Encounter the bay’s critters, culture, history, flora and other fun stuff up close at these museums and science centers along the Bay Trail.
Exploratorium (San Francisco)
Considered among the country’s top science museums, the Exploratorium provides visitors a variety of interactive ways to explore and understand the world around them. The museum’s participatory exhibits ignite curiosity and inspire creativity in people of all ages.
Aquarium of the Bay (San Francisco)
Located on San Francisco’s Pier 39, this aquarium is a great place to learn about, view and touch local aquatic animals from the San Francisco Bay and neighboring waters.
CuriOdyssey (San Mateo)
This nationally recognized science center and museum offers hands-on exhibits for kids inside and natural wildlife habitats surrounding the building.

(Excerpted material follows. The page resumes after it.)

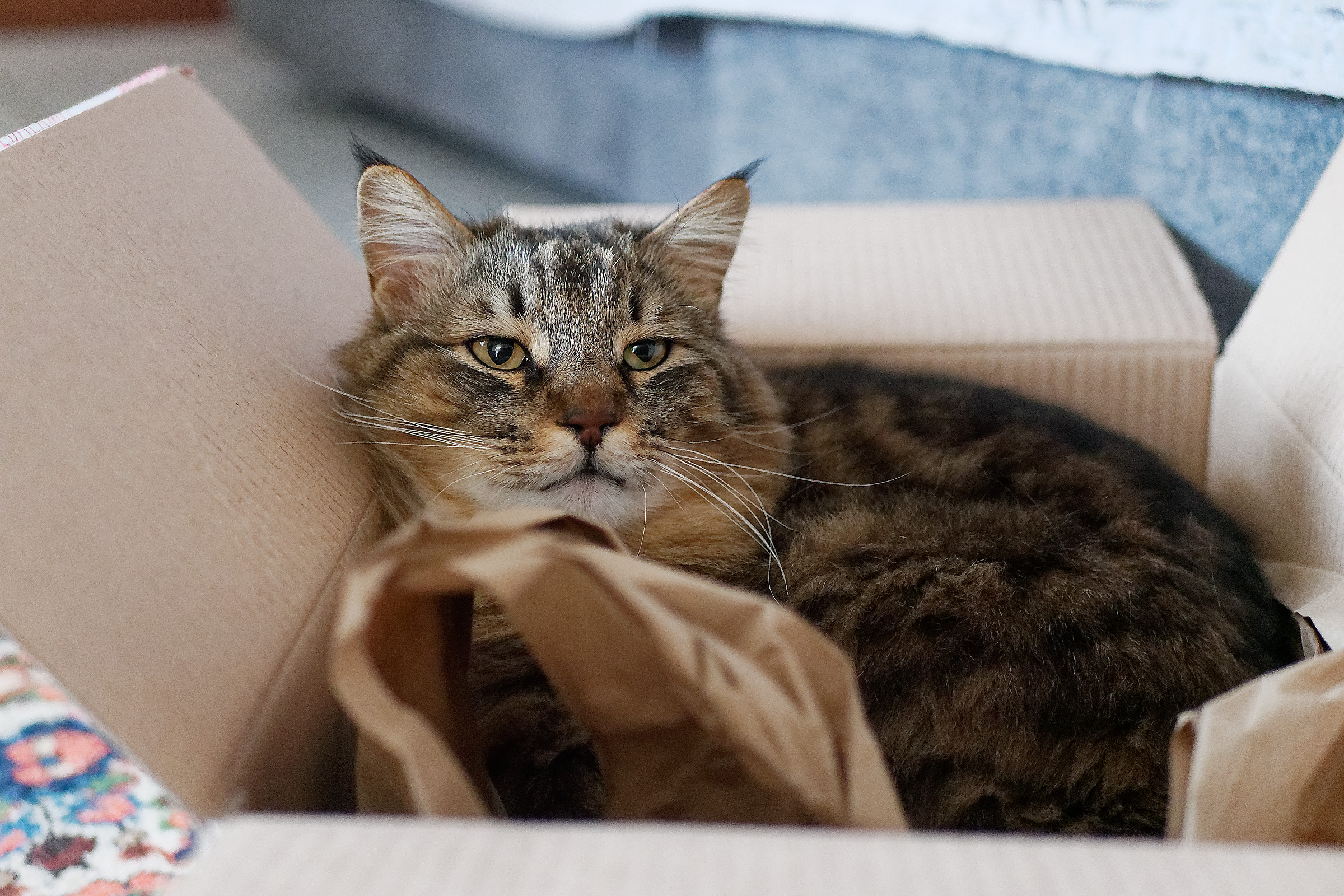Gatto in scatola...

Visitors can participate in daily animal programs to learn about the over 50 native animal residents and the habitats they live in.
Alviso Environmental Education Center (San Jose)
Located in the heart of the Don Edwards San Francisco Bay National Wildlife Refuge, the Alviso Environmental Education Center is surrounded by uplands, salt marshes, salt ponds and a freshwater tidal slough, and is located right on the Bay Trail. The building contains two classrooms, an auditorium and an enclosed observation tower. An open pavilion, trails and a boardwalk through the salt marsh habitat make it easy to see and explore natural wonders of the South Bay. The building and portions of the trails are accessible to all people of varying abilities.
Hayward Shoreline Interpretive Center
The Hayward Shoreline Interpretive Center provides an introduction to the ecology of the San Francisco Bay Estuary. It features exhibits, programs and activities designed to inspire a sense of appreciation, respect and stewardship for the bay, its inhabitants and the services they provide.
Crab Cove Visitor Center (Alameda)
Crab Cove Visitor Center at Crown Memorial State Beach connects people with the local marine and shoreline life, as well as Alameda history. You can see bay creatures in the 800-gallon aquarium system, use interactive stations to view microscopic animals, or get a worm’s view of the mudflats.
Shorebird Park Nature Center (Berkeley)
At the Shorebird Visitor Center you’ll find aquariums and displays on local aquatic species, marine mammals and birds. The building is the first municipal strawbale building in the U.S. and provides information to visitors concerning recreation and marine conservation and education.
Rosie the Riveter Visitor Center (Richmond)
Located along the Bay Trail, this National Park explores and honors the efforts and sacrifices of American civilians on the World War II home front. The museum details how they lived and worked – particularly highlighting the role of women and African-Americans in making Richmond one of the most productive industrial sites during the war.
Bay Area Discovery Museum (Sausalito)
Located near the foot of the Golden Gate Bridge, the Bay Area Discovery Museum facilitates learning through hands-on exhibits, activities and risk-friendly challenges designed to ignite creativity for the whole family.